*Data:*

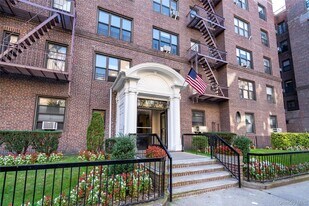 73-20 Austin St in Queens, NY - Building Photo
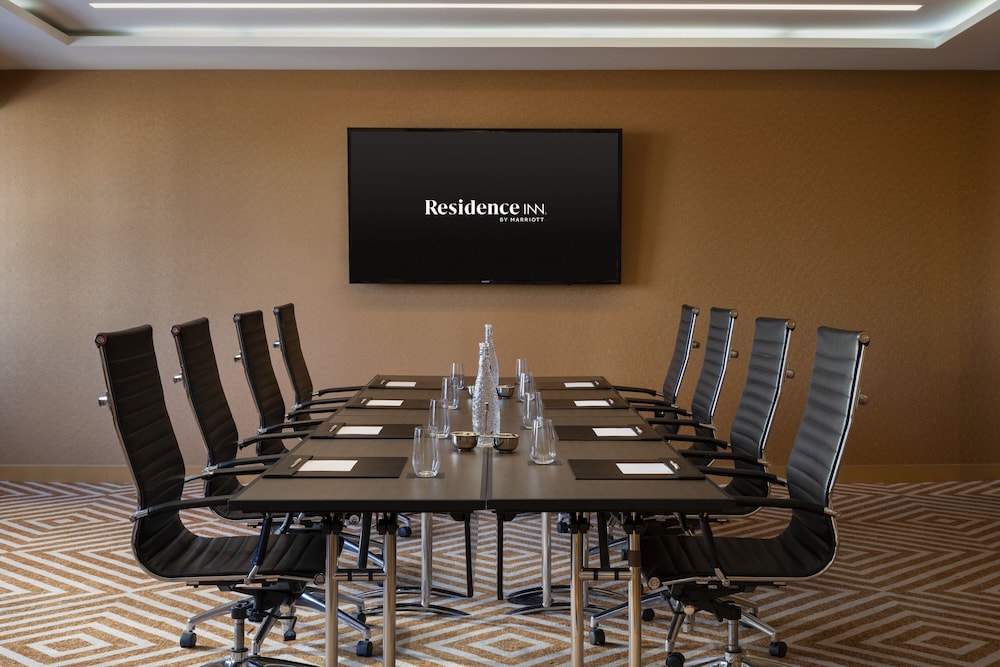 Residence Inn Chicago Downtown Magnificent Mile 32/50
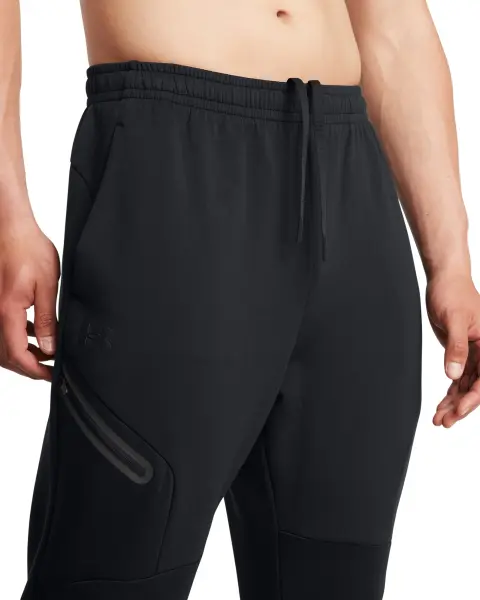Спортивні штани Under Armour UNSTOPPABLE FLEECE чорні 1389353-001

*Task objective:* What you write must match, line for line, the lines from the one with "Residence Inn Chicago" through the last line of the data above, minus the pictures.

*Expected output:*
 Residence Inn Chicago Downtown Magnificent Mile 32/50
Спортивні штани Under Armour UNSTOPPABLE FLEECE чорні 1389353-001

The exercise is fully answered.